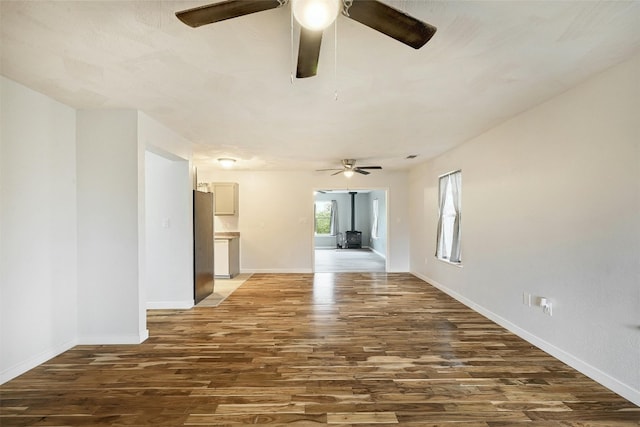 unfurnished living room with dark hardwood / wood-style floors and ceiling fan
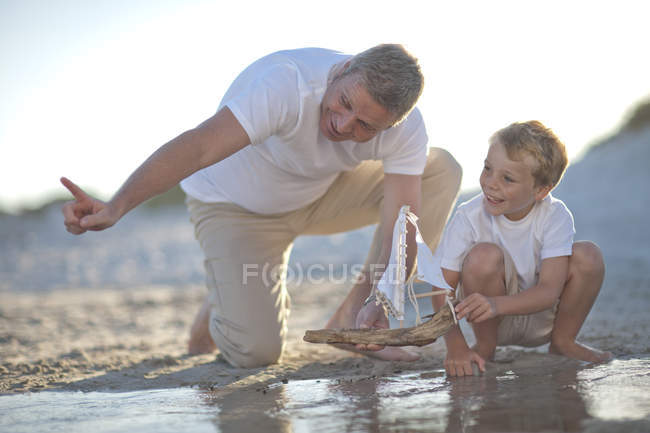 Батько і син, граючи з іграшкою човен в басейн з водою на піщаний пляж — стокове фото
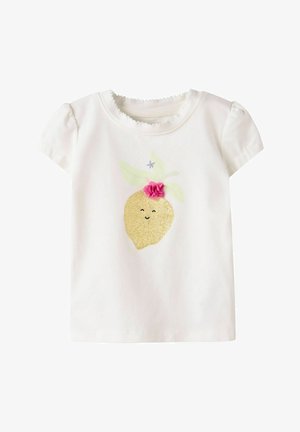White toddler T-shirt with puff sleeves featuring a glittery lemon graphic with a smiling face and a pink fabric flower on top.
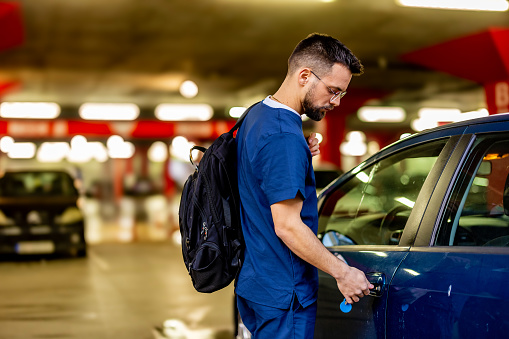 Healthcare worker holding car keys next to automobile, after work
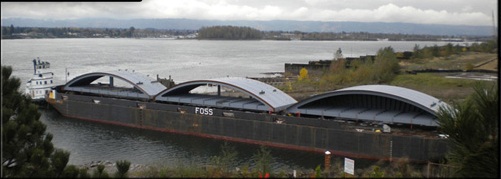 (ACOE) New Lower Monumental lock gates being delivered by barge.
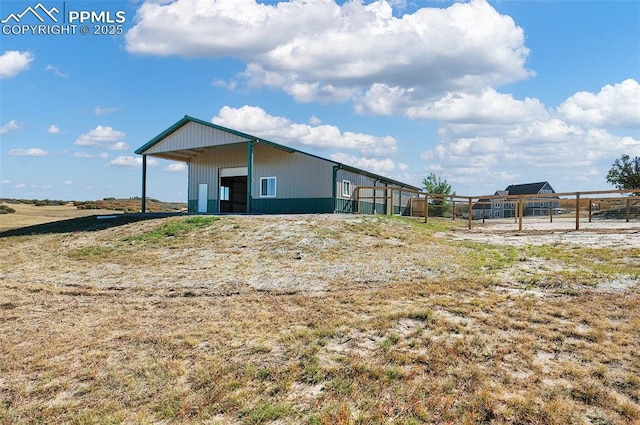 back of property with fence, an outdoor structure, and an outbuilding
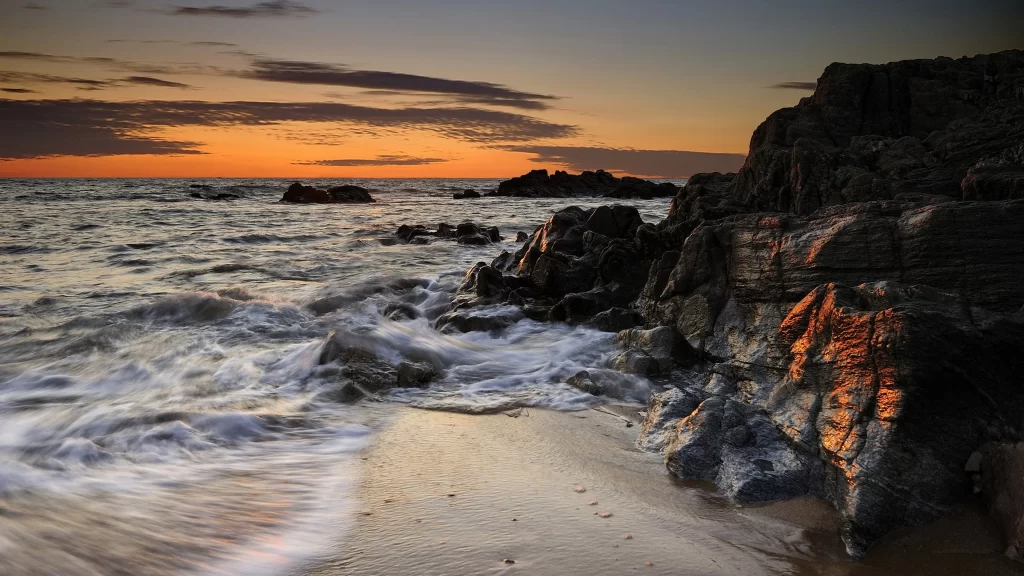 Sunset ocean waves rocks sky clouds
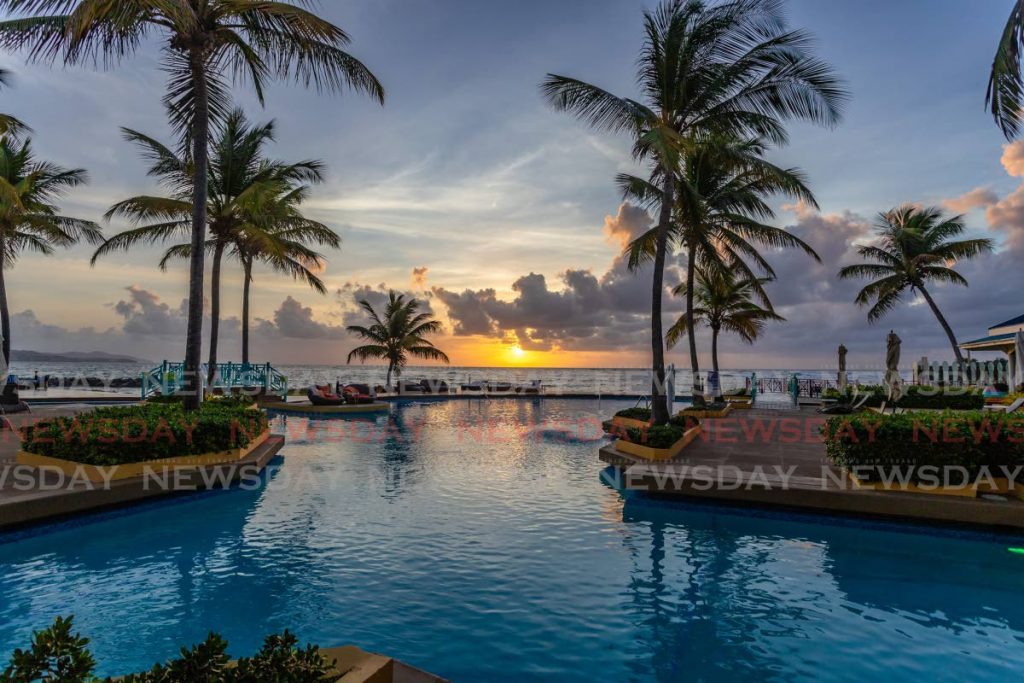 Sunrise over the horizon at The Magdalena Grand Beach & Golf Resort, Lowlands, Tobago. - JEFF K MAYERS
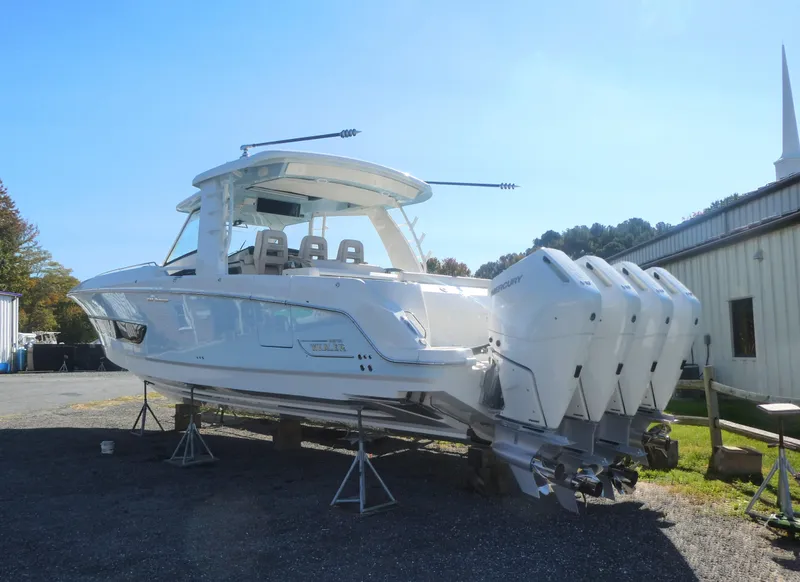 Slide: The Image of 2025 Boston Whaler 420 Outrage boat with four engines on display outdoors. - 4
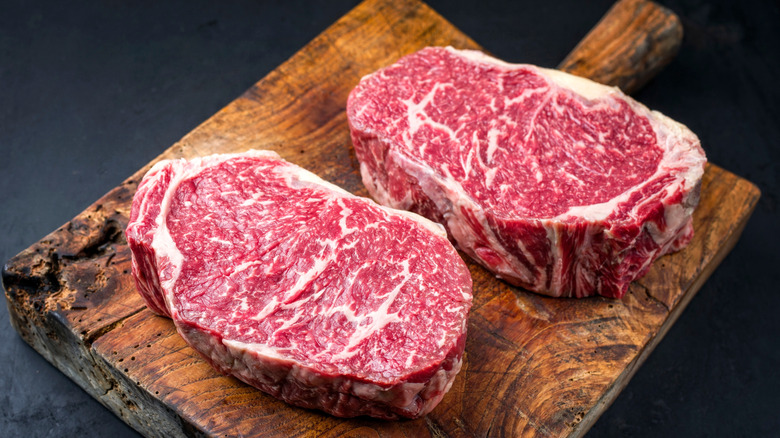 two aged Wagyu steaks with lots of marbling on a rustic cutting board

◆ ◆ ◆ ◆ ◆ ◆ ◆

Work instruction:
With the pictures omitted, print precisely the lines from the one with "Батько і син, граючи" to the final line of the records, both included.

Answer space:
 Батько і син, граючи з іграшкою човен в басейн з водою на піщаний пляж — стокове фото
White toddler T-shirt with puff sleeves featuring a glittery lemon graphic with a smiling face and a pink fabric flower on top.
 Healthcare worker holding car keys next to automobile, after work
 (ACOE) New Lower Monumental lock gates being delivered by barge.
 back of property with fence, an outdoor structure, and an outbuilding
 Sunset ocean waves rocks sky clouds
 Sunrise over the horizon at The Magdalena Grand Beach & Golf Resort, Lowlands, Tobago. - JEFF K MAYERS
 Slide: The Image of 2025 Boston Whaler 420 Outrage boat with four engines on display outdoors. - 4
 two aged Wagyu steaks with lots of marbling on a rustic cutting board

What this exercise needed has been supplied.